Bis letztes Jahr galt Tollwut in einigen Ländern nicht einmal als meldepflichtige Krankheit. „Für öffentliche Gesundheitsbehörden in armen Gegenden erscheint eine Investition in die Tollwutüberwachung nicht rentabel. Selbst wenn Fälle lokal erfasst werden, ist ein genauer Datenaustausch mit zentralen Behörden oft nicht möglich“, sagt Nadal.

Auch die Diagnose ist schwierig. Erst wenn das Virus das Gehirn erreicht und Symptome auftreten, kann es endgültig diagnostiziert werden, und an diesem Punkt ist die Krankheit ausnahmslos tödlich. „Wir denken an klassische Symptome wie einen schäumenden Mund, aber die Bandbreite ist tatsächlich groß und kann zu Fehldiagnosen führen“, fügt Nadal hinzu.

Um das Auftreten von Tollwut zu verhindern, muss ein Bissopfer innerhalb von 24 Stunden eine Klinik zur Behandlung erreichen, was für die arme Landbevölkerung schwierig sein kann. Es gibt oft nicht einmal die Ressourcen, um Tollwut post mortem zu bestätigen, und Familien lehnen häufig Autopsien aus religiösen oder kulturellen Gründen ab.

Kann Tollwut bei Hunden ausgerottet werden? Die Impfung von Nutztieren ist in vielen Ländern Routine, aber Hunde werden oft als wirtschaftlich unproduktiv und des Aufwands unwürdig angesehen.

„Um zu arbeiten, braucht man eine Impfquote von 70 % bei Hunden, aber das erfordert Engagement, Ressourcen und eine gute Organisation und muss über mindestens 5 Jahre aufrechterhalten werden“, bemerkt Nadal. Dies ist für viele Gesundheitsbehörden unerreichbar.

Als medizinischer Anthropologe interessiert sich Nadal besonders für die Rolle, die Kultur und Religion dabei spielen, wie Hunde trotz des Risikos, das sie darstellen, in der Gesellschaft geschätzt werden.
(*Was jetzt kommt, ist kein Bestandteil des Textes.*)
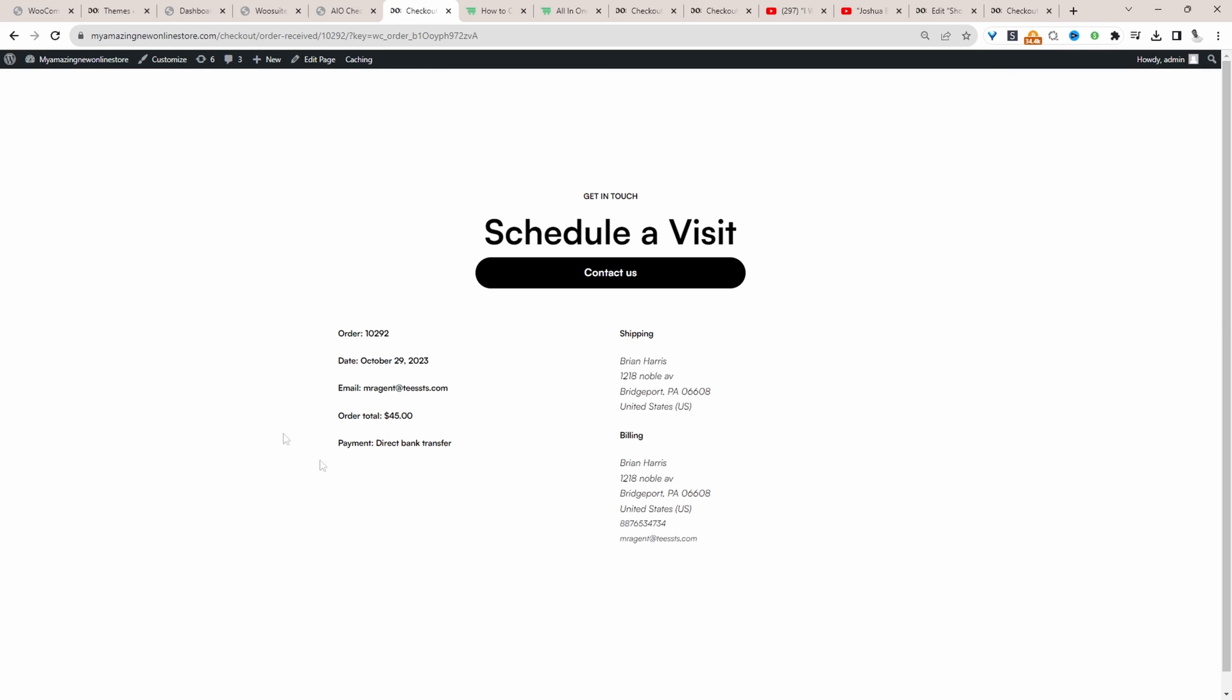And then here we have our custom thank you page. As I said, in your case, you'll probably take a bit more time to craft out a meaningful page, right? Maybe you want to add a post checkout survey and so on.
Sie fand heraus, dass einige indische Gemeinschaften gegen die Impfung von Hunden resistent sind, da Hunde als Abgesandte von Gottheiten angesehen werden, während einige afrikanische Gesellschaften sich der Impfung widersetzen, weil sie befürchten, dass ihre Jagdhunde ihre geschätzte Aggression verlieren. In einigen muslimischen Ländern werden Hunde als unrein angesehen, und daher wird davon abgeraten, mit freilaufenden Hunden umzugehen.

Aber warum hat sich die Tollwut bei so hohen Sterblichkeitsraten nicht einfach selbst ausgebrannt?

„Die Tollwut-Reproduktionszahl liegt ziemlich stabil bei etwa 1,2, was bedeutet, dass jedes infizierte Tier im Durchschnitt 1,2 andere ansteckt“, erklärt Nadal. „Die perfekte Balance zwischen der hohen Sterblichkeitsrate und der niedrigen Reproduktionszahl ermöglicht dem Virus, zu überleben.“

Da Tollwut viele verschiedene Tiere befällt, verfügt das Virus außerdem über einen großen Vorrat an Reservoirs, in denen sich verschiedene Stämme entwickeln können.

Wie geht es weiter mit der Tollwutprävention?

Wenn Behörden Tollwut vernachlässigen, häufen sich die Fälle. Nadal zitiert Bhutan, das gemeinsame Hundeimpfungen mit Indien ausgesetzt hat, nachdem es seine Grenzen aufgrund der COVID-19-Pandemie geschlossen hatte. Fälle von Hundetollwut nahmen sofort zu.

„Es ist ein Teufelskreis, das Fehlen von Daten führt zu der Annahme, dass es kein Problem gibt, was die Interessenvertretung erschwert. Wir haben Nachholbedarf“, sagt Nadal.

Dennoch geben Erfolge bei der oralen Impfung von Hunden und kühlkettenunabhängigen Impfstoffen Anlass zu Optimismus. Nadal führt auch die Beschäftigung von Laienimpfern in abgelegenen Gemeinden sowie die Integration von Vieh- und Hundeimpfungen an.

„Wir können die Tollwut bei Hunden effektiv kontrollieren und so die Todesfälle durch Tollwut beim Menschen eliminieren. Wir haben die Werkzeuge dafür“, schließt Nadal.